## Input data

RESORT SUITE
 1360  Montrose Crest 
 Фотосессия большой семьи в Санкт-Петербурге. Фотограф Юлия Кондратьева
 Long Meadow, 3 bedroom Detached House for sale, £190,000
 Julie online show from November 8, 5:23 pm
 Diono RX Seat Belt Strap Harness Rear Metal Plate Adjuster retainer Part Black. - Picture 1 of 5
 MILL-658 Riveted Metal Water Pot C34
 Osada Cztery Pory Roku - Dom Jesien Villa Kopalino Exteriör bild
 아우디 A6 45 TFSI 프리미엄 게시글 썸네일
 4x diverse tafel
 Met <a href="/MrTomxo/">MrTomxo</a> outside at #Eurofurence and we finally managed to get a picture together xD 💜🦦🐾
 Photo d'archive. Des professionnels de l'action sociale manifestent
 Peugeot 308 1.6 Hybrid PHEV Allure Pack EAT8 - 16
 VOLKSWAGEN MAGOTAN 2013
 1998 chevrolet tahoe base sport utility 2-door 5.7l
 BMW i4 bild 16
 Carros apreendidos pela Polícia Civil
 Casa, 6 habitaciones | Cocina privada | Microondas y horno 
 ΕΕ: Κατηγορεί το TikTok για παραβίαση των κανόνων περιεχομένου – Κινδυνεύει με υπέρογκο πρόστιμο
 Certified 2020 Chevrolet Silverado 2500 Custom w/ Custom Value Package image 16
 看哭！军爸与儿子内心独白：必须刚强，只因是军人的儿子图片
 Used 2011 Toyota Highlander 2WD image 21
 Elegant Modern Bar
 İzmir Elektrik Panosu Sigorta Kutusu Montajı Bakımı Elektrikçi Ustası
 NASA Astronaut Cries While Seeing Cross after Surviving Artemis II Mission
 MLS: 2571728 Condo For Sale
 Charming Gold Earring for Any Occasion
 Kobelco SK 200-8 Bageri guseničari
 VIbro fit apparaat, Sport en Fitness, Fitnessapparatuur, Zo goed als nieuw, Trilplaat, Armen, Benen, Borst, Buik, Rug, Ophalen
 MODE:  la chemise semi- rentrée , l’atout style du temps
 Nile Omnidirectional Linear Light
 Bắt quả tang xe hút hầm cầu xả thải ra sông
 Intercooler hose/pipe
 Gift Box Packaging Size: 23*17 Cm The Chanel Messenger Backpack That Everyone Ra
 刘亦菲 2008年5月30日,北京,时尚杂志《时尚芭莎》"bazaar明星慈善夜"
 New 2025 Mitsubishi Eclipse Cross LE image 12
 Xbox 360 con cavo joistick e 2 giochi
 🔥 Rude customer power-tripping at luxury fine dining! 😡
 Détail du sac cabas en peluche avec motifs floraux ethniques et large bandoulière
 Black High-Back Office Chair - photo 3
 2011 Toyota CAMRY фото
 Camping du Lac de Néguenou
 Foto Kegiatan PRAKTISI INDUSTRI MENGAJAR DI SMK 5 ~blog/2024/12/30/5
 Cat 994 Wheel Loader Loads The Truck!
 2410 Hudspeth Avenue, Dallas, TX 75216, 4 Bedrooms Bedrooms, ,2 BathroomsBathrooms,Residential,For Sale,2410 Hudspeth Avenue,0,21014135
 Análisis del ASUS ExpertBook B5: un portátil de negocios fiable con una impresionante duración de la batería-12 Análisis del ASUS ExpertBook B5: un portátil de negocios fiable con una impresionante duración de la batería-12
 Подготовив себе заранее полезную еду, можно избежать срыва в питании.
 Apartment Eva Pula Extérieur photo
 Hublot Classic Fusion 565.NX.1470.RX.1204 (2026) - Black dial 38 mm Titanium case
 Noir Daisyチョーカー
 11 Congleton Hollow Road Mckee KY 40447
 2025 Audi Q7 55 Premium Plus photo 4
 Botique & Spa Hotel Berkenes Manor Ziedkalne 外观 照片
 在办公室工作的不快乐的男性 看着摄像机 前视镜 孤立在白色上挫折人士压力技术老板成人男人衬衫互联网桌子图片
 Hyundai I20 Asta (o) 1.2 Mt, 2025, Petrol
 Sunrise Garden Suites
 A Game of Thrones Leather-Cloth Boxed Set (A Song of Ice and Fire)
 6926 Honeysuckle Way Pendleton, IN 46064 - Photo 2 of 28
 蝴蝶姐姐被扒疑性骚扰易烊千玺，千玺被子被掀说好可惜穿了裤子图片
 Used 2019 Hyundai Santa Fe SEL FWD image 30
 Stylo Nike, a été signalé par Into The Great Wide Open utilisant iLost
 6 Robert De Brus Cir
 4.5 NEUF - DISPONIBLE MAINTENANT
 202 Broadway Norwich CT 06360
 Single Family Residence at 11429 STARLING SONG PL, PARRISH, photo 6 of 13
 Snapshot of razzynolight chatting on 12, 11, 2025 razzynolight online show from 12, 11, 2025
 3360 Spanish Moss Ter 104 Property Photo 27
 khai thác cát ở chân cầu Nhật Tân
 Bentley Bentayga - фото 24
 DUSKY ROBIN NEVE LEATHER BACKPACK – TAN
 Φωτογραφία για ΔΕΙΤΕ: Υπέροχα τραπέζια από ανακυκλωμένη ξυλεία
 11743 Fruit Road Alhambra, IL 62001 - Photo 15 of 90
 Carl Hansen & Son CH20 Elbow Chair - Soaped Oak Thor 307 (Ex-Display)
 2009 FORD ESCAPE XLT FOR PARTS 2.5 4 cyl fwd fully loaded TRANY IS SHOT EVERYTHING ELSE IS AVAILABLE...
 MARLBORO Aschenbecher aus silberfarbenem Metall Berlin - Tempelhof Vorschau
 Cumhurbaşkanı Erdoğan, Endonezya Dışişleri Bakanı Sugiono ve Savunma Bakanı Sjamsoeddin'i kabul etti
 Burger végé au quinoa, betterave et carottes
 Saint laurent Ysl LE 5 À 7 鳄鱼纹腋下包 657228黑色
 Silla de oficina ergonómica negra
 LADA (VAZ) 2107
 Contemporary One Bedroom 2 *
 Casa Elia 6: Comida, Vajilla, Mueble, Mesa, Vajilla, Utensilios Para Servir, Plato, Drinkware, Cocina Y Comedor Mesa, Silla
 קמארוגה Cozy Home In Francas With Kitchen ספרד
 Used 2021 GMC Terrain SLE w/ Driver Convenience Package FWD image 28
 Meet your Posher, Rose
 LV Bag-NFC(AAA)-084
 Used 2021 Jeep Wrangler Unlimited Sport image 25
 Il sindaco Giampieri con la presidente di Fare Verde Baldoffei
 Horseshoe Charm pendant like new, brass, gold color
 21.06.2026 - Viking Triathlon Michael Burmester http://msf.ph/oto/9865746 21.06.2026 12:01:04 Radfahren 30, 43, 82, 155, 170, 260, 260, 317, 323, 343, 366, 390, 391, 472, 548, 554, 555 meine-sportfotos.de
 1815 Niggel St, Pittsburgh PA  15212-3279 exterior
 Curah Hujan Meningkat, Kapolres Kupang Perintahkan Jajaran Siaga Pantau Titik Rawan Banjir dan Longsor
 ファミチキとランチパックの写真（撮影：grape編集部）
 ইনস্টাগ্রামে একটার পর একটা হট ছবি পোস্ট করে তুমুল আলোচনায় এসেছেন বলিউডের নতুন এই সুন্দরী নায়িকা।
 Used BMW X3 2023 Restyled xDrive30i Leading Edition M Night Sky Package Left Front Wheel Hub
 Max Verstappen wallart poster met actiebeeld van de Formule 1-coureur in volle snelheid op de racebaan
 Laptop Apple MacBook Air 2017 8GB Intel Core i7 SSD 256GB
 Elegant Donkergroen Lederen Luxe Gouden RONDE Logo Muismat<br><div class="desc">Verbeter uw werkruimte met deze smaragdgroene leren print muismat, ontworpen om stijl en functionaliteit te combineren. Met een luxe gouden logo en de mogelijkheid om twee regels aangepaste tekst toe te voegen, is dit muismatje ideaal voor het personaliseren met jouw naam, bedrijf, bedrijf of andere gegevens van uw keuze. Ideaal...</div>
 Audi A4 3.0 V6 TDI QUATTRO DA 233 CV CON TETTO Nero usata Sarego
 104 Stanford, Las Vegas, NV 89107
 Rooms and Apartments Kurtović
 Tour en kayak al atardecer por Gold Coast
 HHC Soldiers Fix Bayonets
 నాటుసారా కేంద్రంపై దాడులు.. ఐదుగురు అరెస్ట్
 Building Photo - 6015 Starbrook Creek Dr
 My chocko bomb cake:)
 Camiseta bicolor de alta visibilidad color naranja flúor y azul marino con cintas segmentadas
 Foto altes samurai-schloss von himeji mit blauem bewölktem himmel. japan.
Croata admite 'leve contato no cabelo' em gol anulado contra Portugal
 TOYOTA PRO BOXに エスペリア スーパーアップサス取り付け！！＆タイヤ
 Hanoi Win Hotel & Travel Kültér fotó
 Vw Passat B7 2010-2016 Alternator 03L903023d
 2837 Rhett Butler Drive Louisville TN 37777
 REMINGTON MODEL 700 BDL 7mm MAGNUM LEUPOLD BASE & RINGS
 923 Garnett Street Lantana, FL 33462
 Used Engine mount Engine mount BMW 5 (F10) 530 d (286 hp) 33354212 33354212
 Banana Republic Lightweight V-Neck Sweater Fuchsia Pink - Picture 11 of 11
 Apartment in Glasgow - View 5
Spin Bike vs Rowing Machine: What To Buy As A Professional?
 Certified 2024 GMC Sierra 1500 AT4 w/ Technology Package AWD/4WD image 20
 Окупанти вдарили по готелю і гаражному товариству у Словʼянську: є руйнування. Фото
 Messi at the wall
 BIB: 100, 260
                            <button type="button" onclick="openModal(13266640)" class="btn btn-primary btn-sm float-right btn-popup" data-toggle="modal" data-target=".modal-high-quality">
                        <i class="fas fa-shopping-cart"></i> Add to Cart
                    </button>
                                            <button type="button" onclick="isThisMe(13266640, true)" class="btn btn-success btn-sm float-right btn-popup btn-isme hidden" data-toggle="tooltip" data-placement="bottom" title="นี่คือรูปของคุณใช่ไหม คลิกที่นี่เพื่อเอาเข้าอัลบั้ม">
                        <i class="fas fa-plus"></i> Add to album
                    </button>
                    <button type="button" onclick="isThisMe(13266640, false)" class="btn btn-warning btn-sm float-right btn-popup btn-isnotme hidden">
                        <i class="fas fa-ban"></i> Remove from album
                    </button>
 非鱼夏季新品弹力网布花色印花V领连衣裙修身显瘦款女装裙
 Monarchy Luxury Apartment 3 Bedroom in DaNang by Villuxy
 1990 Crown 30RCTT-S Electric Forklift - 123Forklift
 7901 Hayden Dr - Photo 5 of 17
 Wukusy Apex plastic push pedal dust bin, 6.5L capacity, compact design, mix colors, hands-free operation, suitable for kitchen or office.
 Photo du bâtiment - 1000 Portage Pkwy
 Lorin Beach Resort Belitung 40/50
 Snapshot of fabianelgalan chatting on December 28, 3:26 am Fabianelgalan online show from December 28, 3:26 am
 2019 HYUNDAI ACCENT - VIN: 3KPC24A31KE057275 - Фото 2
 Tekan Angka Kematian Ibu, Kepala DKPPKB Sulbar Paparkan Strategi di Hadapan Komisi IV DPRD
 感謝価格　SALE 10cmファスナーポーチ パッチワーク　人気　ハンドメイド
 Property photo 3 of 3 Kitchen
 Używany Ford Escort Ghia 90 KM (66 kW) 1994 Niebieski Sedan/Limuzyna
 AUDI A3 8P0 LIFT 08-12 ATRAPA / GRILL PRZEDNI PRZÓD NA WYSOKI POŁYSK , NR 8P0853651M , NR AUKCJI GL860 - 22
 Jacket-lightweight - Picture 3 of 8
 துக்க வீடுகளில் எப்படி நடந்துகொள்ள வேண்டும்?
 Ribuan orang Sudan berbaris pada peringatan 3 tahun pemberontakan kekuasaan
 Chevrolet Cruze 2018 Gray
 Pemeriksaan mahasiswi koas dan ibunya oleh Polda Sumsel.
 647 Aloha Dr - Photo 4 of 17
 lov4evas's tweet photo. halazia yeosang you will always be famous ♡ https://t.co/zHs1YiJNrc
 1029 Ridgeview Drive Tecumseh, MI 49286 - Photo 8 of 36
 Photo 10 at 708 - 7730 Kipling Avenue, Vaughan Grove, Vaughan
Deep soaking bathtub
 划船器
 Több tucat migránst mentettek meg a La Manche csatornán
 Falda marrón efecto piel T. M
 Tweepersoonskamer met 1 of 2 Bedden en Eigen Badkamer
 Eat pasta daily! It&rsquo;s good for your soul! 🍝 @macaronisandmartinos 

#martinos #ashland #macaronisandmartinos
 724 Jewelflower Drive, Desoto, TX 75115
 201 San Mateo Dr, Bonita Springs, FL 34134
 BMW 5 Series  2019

## Exercise instructions
Once each line with "album" in the entries is counted, state the total and nothing else.

## Answer to this task
2